Der Filmtitel schrie: KÖNIG VON SPARTA. Darunter war der Hauptdarsteller zu sehen – eine Dreiviertelaufnahme von barbrüstigem bronzenen Fleisch, mit klar gezeichneten Rippen und Waschbrettbauch. Er trug nur einen griechischen Lendenschurz und einen lila Umhang und hatte ein Schwert in der Hand. Er sah aus wie gerade mit Öl eingerieben, seine kurzen schwarzen Haare glänzten und Schweißbäche liefen über sein markiges Gesicht, während die traurigen dunklen Augen in die Kamera schauten, als wollten sie sagen: Ich werde eure Männer töten und eure Frauen stehlen. Haha!

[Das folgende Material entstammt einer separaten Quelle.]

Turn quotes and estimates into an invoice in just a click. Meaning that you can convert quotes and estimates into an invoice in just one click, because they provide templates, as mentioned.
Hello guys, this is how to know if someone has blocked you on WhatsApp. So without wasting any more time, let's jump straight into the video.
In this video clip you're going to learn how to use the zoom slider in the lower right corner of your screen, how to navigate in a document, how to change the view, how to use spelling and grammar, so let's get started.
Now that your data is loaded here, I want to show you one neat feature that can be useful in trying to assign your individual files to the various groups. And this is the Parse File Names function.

Es war das peinlichste Plakat aller Zeiten. Piper und ihr Dad hatten herzlich darüber gelacht, als sie es zum ersten Mal gesehen hatten. Der Film hatte ein Vermögen eingespielt. Das Poster war überall zu sehen gewesen. Piper hatte ihm weder in der Schule noch auf der Straße, ja nicht einmal im Internet entkommen können. Es wurde DAS POSTER, das Peinlichste, was es in ihrem Leben gab. Und ja, es war ein Bild ihres Dad.
Sie wandte sich ab, damit niemand dachte, sie starre es an. Vielleicht würde sie es unbemerkt von der Wand reißen können, wenn alle anderen zum Frühstück gingen.

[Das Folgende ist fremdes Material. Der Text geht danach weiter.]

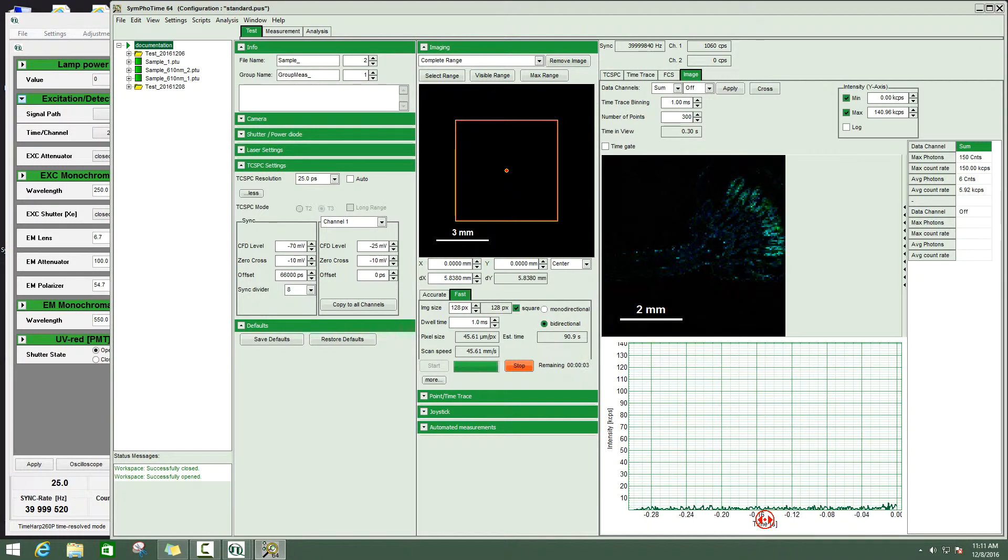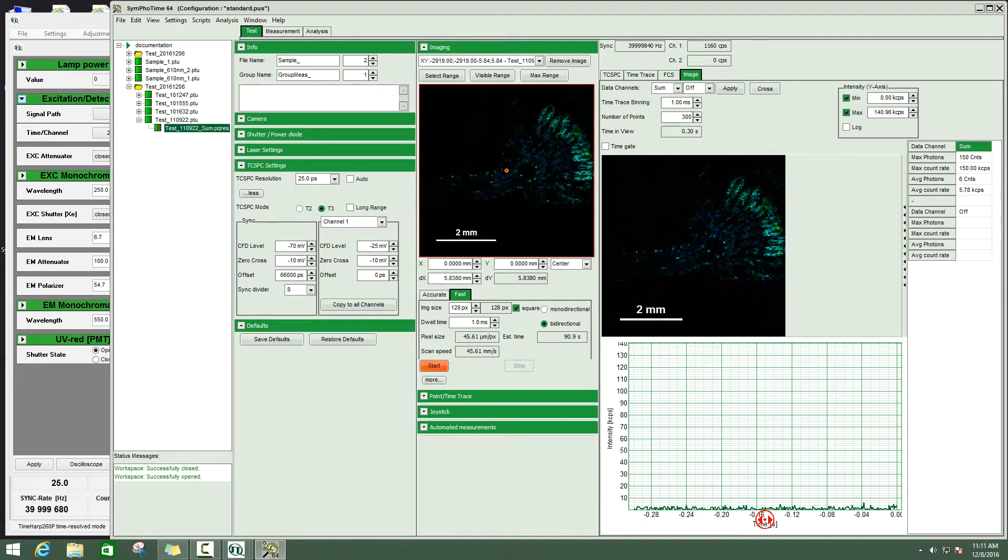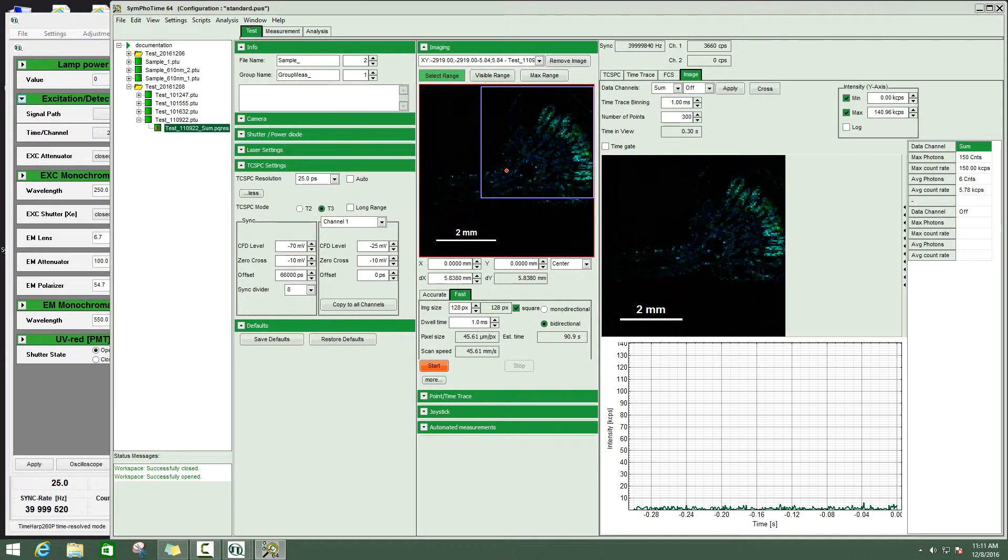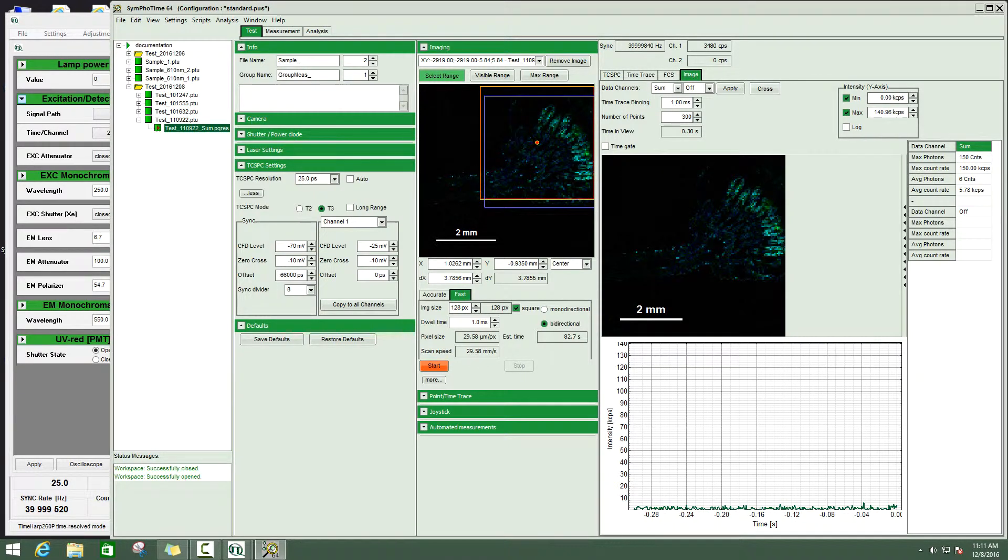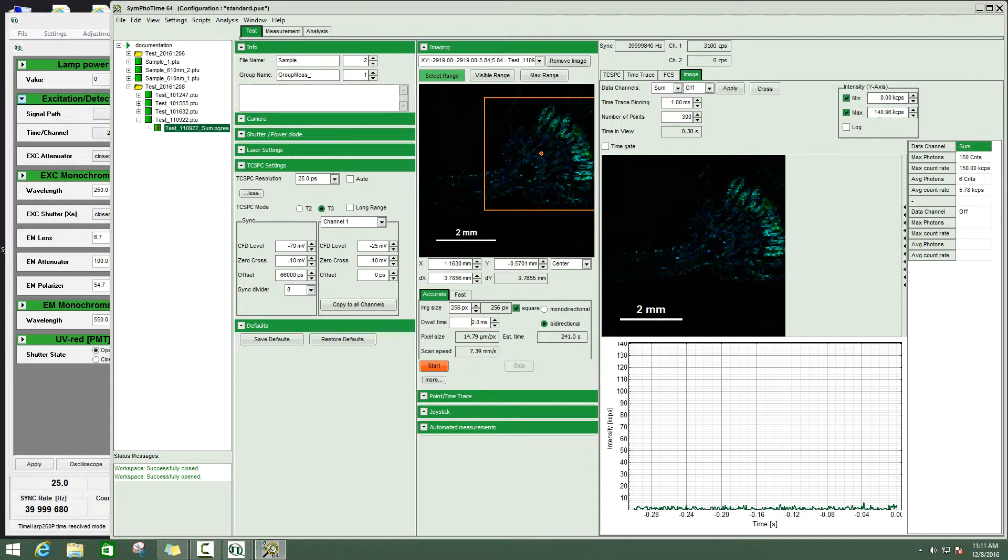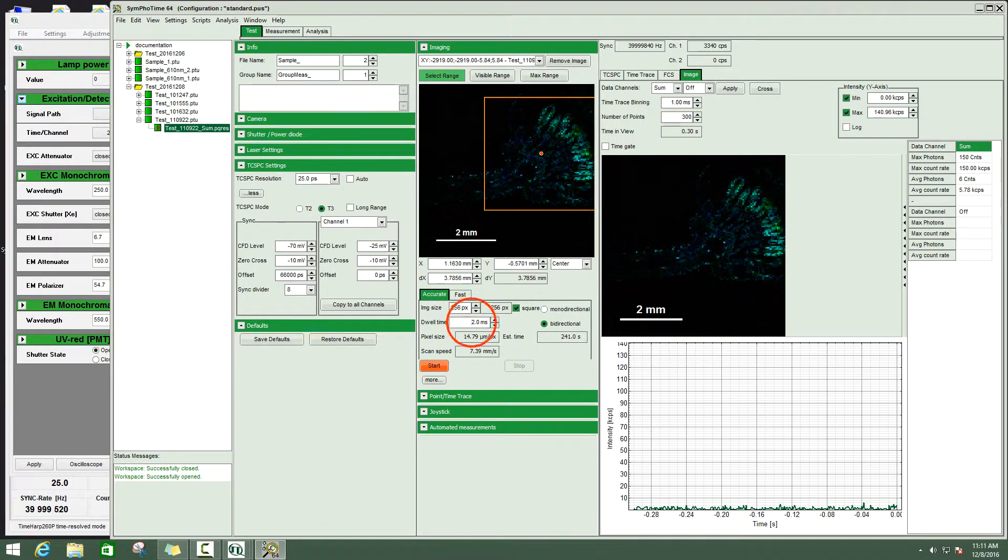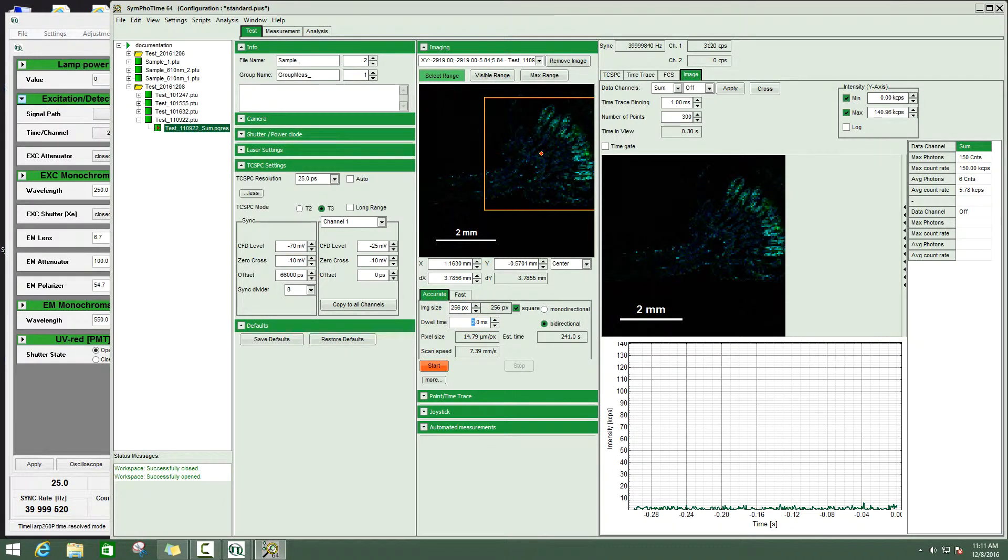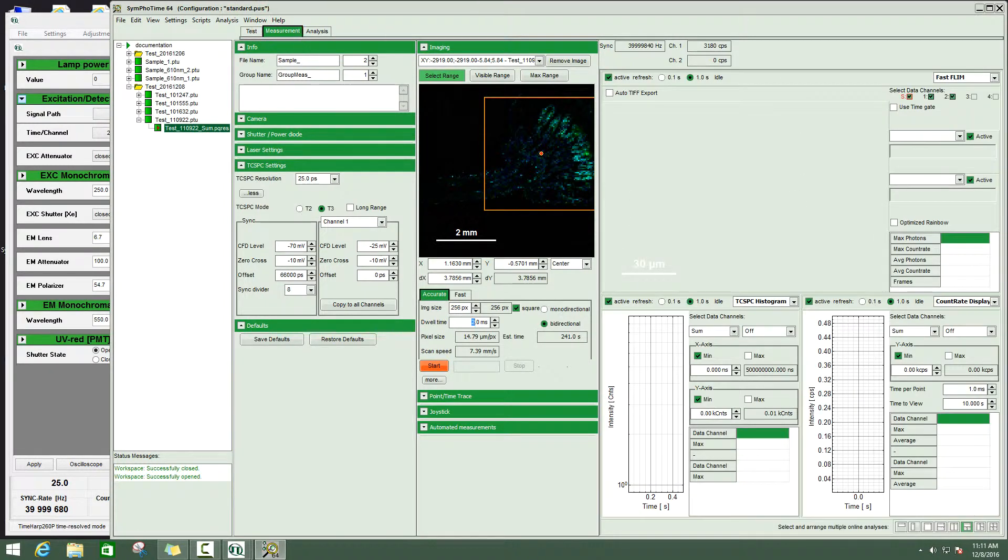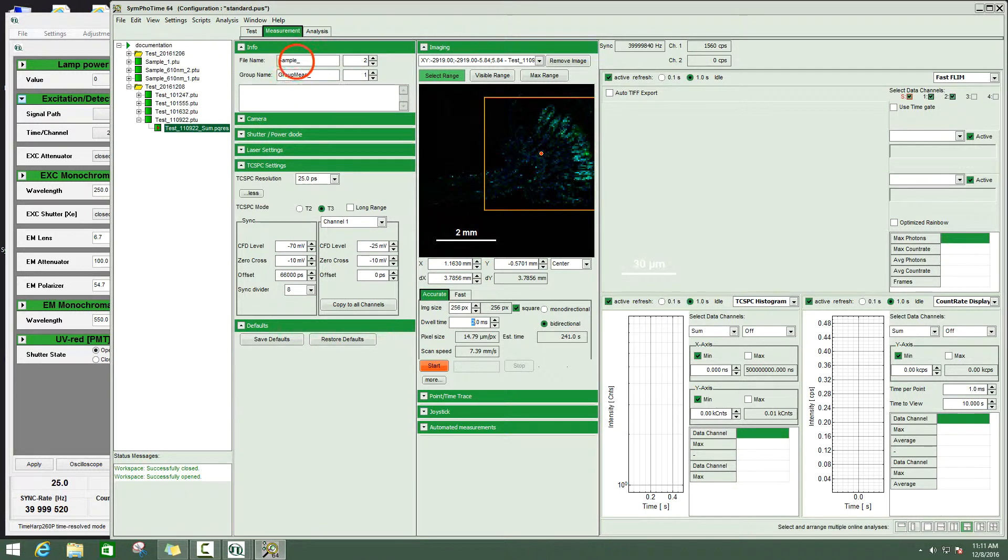After the image acquisition has finished, we have a quick overview of the daisy pollen. Now we can select the region that is interesting for us, for example here. Now I switch to the accurate mode with a higher pixel number and a longer dwell time. I would still reduce it to 2 milliseconds to keep the recording not too long. At the moment we have calculated roughly 5 minutes acquisition time with these settings.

Sie versuchte, beschäftigt auszusehen, aber sie hatte ja keine Kleider, die sie zusammenfalten konnte. Sie strich ihr Bett glatt und merkte, dass dort noch die Decke lag, die Jason in der vergangenen Nacht um ihre Schultern gelegt hatte. Sie hob sie hoch und presste sie an ihr Gesicht. Die Decke roch nach verbranntem Holz, aber leider nicht nach Jason. Er war der einzige Mensch, der wirklich nett zu ihr gewesen war, nachdem sie anerkannt worden war, als sei es ihm wichtig, wie ihr zu Mute war, und das nicht nur wegen ihrer blöden neuen Klamotten. Himmel, sie hätte ihn so gern geküsst, aber er schien sich so unwohl zu fühlen, schien sich fast vor ihr zu fürchten. Und sie konnte ihm da eigentlich keinen Vorwurf machen. Sie war schließlich glühend rosa gewesen.
»’tschuldigung«, sagte eine Stimme zu ihren Füßen. Mitchell, der Mann vom Mülldienst, kroch auf allen vieren herum und las unter den Betten Schokoladenpapier und zerknüllte Zettel auf. Offenbar waren die Aphrodite-Leute doch nicht die totalen Ordnungsfreaks.
Sie machte ihm Platz. »Wieso ist Drew so wütend auf dich?«
Er schaute hinüber zur Badezimmertür, als wolle er sich davon überzeugen, dass die noch geschlossen war. »Als du gestern Abend anerkannt worden bist, habe ich gesagt, dass du vielleicht gar nicht so schlecht bist.«
Das war kein umwerfendes Kompliment, aber Piper war trotzdem verblüfft. Ein Aphrodite-Kind hatte sich für sie eingesetzt?
»Danke«, sagte sie.
Mitchell zuckte mit den Schultern. »Na ja. Du siehst ja, was mir das gebracht hat. Was soll’s, willkommen in Hütte 10.«
Ein Mädchen mit blonden Zöpfchen und einer Zahnklammer kam mit einem Stapel Kleidern im Arm angerannt. Sie schaute sich verstohlen um, als übergäbe sie Atomabfall.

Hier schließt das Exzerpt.